In short, I´m a week behind work scedule. But hey, that doesn´t change much about the fact that I can release my comic book in January/February 2022. It still makes me grumpy.

But lets talk about why I didnt made it in time and the new plan shall we?


Honestly my flow was terrible in the last few days, the last 2 weeks. I´m happy to got it back now, but then I was troubeling. I was thinking, I´m still sometimes thinking, that I dont have a good enough style, it´s only a too detailed version of what an actual comic should look like. I´m also troubled because I always think I´ll never finish, like so many stories before. It´s like a sea of doubts which overwelmed me, blocked me while creating.

Besides that, I also got some changing in the process of printing, there are some new details which arrived and didn´t thought of, like go over the lines of the comic. Not only by myself, someone native. So I´ll include this too... at least I want to make it properly. And so on...

It bothers me but I cant do a thing besides fix the problem and just go on, the problem is I gotta find the peace with myself.


So lets go for the new plan.

I´m still working on the ending pages and some corrections in the first ones. until the 20/21 I´ll be still working on them, included the computerwork. So in the week of the 22-28 November, the comic will go into the printing process. And around the 29/30 of November I´ll start the new Kickstartercampaign. This time with more sources of promotion, more knowledge and maybe you as the reader for help.

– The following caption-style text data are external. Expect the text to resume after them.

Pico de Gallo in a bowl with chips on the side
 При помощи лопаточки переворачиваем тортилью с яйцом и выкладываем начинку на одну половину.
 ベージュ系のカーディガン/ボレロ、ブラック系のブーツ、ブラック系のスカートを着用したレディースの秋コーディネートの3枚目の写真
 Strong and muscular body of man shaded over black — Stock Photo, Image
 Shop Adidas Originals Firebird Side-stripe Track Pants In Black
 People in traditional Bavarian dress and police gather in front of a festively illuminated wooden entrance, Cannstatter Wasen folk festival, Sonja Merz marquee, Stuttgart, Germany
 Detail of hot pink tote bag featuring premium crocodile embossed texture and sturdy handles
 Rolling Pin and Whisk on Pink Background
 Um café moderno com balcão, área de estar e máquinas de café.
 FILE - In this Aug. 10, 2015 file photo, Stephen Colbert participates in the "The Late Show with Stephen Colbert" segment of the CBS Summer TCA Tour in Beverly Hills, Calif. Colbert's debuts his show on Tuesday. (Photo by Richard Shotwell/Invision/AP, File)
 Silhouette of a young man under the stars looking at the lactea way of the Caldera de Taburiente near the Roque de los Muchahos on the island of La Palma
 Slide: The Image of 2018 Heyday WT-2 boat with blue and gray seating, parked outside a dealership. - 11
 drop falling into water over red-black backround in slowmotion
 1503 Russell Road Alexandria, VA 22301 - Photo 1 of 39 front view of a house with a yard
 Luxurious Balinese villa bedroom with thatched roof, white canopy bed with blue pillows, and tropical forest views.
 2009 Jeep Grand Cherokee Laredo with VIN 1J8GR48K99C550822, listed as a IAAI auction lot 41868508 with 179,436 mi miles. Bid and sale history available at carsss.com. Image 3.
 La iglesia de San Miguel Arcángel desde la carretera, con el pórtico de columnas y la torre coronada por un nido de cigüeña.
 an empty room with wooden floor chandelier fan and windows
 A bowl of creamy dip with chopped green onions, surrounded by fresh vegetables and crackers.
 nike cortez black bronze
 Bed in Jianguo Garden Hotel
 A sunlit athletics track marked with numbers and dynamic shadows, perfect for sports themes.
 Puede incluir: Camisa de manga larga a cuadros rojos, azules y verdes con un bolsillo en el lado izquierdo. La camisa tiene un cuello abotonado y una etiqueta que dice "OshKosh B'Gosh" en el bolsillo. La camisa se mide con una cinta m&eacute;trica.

I also planned to write a bit more about my comics phylosopy in general, some of my creative and expanding process, what I´m thinking for certain characters... I´ll see about this, it would be nice to do but only when I´m finished with everything else and I´ll try to not give everything away so you as a reader come to your own conclusions by yourself.





That´s it, sounds easy right? Well ask me again in 2 weeks when I´m struggling again. No, I´m sorry. But sometimes I worry too much and do too less to calm my mind about it.

But I´m still looking forward, to make this project gonna work and finally hold the comic in physical form, as a book.